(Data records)
========
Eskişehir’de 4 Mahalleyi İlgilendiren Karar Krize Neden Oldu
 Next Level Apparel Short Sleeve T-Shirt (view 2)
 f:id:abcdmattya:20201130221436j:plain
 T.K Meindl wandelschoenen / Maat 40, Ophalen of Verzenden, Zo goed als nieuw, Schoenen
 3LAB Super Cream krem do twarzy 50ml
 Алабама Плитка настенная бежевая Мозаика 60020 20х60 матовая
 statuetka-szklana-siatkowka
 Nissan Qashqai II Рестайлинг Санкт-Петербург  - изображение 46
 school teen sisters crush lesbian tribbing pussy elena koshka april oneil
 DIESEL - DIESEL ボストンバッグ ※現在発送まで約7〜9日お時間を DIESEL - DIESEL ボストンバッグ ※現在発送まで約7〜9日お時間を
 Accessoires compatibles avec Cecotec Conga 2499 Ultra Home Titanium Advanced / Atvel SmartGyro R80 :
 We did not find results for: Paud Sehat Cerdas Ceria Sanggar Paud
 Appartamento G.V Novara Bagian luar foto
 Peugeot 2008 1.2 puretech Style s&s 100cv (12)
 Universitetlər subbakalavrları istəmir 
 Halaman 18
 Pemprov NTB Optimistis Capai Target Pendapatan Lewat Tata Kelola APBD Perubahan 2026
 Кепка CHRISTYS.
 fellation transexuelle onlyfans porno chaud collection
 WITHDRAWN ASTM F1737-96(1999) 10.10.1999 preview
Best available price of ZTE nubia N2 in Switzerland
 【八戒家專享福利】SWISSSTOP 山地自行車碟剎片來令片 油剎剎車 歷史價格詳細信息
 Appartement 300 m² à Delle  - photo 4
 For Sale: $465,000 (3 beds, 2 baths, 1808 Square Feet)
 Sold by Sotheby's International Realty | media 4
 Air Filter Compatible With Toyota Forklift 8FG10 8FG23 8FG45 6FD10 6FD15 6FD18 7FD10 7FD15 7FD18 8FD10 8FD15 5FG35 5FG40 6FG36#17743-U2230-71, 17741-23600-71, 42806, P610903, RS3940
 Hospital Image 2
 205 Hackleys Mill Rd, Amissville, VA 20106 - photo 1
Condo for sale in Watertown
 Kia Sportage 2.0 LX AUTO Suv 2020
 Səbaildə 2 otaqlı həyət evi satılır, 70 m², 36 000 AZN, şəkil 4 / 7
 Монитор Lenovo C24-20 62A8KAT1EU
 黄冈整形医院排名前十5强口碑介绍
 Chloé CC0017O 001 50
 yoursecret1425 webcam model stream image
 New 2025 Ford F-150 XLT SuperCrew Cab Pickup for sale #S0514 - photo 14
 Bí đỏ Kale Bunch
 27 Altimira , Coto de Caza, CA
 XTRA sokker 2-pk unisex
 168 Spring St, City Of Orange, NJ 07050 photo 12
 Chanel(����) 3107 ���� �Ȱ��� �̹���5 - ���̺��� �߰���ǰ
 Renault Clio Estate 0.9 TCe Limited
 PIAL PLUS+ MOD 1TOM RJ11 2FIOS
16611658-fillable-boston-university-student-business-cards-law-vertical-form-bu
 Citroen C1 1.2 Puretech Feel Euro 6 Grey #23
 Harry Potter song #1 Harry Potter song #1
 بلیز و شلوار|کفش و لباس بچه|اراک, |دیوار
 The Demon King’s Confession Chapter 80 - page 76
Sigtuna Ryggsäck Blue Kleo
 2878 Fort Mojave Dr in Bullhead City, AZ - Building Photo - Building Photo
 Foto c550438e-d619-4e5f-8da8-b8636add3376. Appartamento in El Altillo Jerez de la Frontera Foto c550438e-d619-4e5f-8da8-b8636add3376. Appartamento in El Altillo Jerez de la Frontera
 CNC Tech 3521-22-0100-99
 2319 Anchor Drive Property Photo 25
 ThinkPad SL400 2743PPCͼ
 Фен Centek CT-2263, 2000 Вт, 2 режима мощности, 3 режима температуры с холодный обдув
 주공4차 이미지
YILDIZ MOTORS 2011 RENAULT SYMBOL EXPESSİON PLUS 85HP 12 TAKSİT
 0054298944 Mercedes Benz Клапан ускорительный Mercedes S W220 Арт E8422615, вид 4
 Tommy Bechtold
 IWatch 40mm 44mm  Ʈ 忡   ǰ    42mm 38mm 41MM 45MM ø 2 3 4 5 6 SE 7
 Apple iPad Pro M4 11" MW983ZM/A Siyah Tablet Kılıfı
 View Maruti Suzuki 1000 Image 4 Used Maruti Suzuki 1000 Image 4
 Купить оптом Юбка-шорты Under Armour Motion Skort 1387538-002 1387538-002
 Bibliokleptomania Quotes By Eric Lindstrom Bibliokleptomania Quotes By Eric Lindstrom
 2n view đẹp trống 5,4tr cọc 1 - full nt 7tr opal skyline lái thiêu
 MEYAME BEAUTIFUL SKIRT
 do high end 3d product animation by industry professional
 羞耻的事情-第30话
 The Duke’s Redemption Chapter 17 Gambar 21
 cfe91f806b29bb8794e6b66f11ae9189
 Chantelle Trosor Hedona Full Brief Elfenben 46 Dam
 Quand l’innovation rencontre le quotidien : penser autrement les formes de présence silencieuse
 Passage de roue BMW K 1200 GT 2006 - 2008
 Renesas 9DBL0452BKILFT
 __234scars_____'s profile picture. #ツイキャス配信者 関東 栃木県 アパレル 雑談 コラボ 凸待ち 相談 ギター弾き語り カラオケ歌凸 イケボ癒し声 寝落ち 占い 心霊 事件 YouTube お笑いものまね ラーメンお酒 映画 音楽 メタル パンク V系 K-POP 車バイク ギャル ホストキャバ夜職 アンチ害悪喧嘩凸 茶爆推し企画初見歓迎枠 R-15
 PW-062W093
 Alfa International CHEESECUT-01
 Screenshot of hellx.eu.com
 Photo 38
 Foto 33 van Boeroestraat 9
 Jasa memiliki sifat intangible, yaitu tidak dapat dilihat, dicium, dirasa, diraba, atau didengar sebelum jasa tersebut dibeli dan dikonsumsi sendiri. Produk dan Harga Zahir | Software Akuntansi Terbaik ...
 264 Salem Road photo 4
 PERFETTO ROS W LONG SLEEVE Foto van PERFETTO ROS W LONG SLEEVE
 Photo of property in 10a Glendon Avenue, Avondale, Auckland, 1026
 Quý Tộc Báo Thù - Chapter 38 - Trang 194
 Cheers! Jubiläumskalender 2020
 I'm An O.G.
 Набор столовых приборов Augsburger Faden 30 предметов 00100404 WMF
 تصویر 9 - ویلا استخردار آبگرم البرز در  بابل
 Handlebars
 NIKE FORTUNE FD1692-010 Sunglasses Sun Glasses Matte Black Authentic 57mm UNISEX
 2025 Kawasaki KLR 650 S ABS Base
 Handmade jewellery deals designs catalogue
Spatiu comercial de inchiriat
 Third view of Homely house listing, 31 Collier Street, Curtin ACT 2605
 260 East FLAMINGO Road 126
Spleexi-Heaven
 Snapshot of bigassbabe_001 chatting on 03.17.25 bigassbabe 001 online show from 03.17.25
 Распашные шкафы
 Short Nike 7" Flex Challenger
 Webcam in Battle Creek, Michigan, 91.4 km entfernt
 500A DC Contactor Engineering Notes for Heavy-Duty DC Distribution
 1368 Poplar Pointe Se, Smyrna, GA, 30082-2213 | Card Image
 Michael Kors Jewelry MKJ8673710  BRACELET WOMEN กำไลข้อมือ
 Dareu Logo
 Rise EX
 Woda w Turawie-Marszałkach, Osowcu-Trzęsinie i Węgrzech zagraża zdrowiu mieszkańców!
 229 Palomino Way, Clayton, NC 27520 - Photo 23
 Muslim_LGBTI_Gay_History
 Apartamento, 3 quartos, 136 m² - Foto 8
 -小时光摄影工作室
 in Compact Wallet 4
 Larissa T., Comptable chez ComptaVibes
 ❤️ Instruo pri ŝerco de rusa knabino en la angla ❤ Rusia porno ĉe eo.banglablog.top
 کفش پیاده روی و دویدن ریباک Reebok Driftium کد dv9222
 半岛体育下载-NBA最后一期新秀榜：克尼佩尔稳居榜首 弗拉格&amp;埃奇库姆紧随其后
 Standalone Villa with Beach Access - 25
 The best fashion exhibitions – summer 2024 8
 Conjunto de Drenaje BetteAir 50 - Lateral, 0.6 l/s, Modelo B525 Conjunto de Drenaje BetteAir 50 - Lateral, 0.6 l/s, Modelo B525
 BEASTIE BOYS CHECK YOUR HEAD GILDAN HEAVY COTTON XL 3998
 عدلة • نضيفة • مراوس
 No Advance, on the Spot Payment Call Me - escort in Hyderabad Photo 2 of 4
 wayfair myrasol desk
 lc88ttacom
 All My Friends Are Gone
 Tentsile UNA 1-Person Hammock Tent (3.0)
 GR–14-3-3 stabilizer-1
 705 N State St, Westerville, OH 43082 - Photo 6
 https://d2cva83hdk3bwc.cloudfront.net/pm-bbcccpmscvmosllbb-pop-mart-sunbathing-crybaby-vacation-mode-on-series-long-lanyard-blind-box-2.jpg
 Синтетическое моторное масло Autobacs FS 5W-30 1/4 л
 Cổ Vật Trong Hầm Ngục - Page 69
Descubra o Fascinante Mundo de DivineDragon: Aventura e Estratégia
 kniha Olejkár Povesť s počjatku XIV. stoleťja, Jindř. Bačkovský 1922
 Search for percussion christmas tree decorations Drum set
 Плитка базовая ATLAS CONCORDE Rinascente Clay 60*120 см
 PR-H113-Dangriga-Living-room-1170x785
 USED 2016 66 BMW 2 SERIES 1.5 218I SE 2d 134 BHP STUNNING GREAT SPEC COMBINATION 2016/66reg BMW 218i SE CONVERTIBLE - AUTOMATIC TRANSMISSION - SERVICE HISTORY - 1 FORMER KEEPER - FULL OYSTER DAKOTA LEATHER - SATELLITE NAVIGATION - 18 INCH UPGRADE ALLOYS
========
(REQUIREMENT) All that belongs in the answer is the run of lines above from the line containing "ThinkPad SL400 2743PPCͼ" through the line containing "Snapshot of bigassbabe_001", exactly as written.

(YOUR RESPONSE)
 ThinkPad SL400 2743PPCͼ
 Фен Centek CT-2263, 2000 Вт, 2 режима мощности, 3 режима температуры с холодный обдув
 주공4차 이미지
YILDIZ MOTORS 2011 RENAULT SYMBOL EXPESSİON PLUS 85HP 12 TAKSİT
 0054298944 Mercedes Benz Клапан ускорительный Mercedes S W220 Арт E8422615, вид 4
 Tommy Bechtold
 IWatch 40mm 44mm  Ʈ 忡   ǰ    42mm 38mm 41MM 45MM ø 2 3 4 5 6 SE 7
 Apple iPad Pro M4 11" MW983ZM/A Siyah Tablet Kılıfı
 View Maruti Suzuki 1000 Image 4 Used Maruti Suzuki 1000 Image 4
 Купить оптом Юбка-шорты Under Armour Motion Skort 1387538-002 1387538-002
 Bibliokleptomania Quotes By Eric Lindstrom Bibliokleptomania Quotes By Eric Lindstrom
 2n view đẹp trống 5,4tr cọc 1 - full nt 7tr opal skyline lái thiêu
 MEYAME BEAUTIFUL SKIRT
 do high end 3d product animation by industry professional
 羞耻的事情-第30话
 The Duke’s Redemption Chapter 17 Gambar 21
 cfe91f806b29bb8794e6b66f11ae9189
 Chantelle Trosor Hedona Full Brief Elfenben 46 Dam
 Quand l’innovation rencontre le quotidien : penser autrement les formes de présence silencieuse
 Passage de roue BMW K 1200 GT 2006 - 2008
 Renesas 9DBL0452BKILFT
 __234scars_____'s profile picture. #ツイキャス配信者 関東 栃木県 アパレル 雑談 コラボ 凸待ち 相談 ギター弾き語り カラオケ歌凸 イケボ癒し声 寝落ち 占い 心霊 事件 YouTube お笑いものまね ラーメンお酒 映画 音楽 メタル パンク V系 K-POP 車バイク ギャル ホストキャバ夜職 アンチ害悪喧嘩凸 茶爆推し企画初見歓迎枠 R-15
 PW-062W093
 Alfa International CHEESECUT-01
 Screenshot of hellx.eu.com
 Photo 38
 Foto 33 van Boeroestraat 9
 Jasa memiliki sifat intangible, yaitu tidak dapat dilihat, dicium, dirasa, diraba, atau didengar sebelum jasa tersebut dibeli dan dikonsumsi sendiri. Produk dan Harga Zahir | Software Akuntansi Terbaik ...
 264 Salem Road photo 4
 PERFETTO ROS W LONG SLEEVE Foto van PERFETTO ROS W LONG SLEEVE
 Photo of property in 10a Glendon Avenue, Avondale, Auckland, 1026
 Quý Tộc Báo Thù - Chapter 38 - Trang 194
 Cheers! Jubiläumskalender 2020
 I'm An O.G.
 Набор столовых приборов Augsburger Faden 30 предметов 00100404 WMF
 تصویر 9 - ویلا استخردار آبگرم البرز در  بابل
 Handlebars
 NIKE FORTUNE FD1692-010 Sunglasses Sun Glasses Matte Black Authentic 57mm UNISEX
 2025 Kawasaki KLR 650 S ABS Base
 Handmade jewellery deals designs catalogue
Spatiu comercial de inchiriat
 Third view of Homely house listing, 31 Collier Street, Curtin ACT 2605
 260 East FLAMINGO Road 126
Spleexi-Heaven
 Snapshot of bigassbabe_001 chatting on 03.17.25 bigassbabe 001 online show from 03.17.25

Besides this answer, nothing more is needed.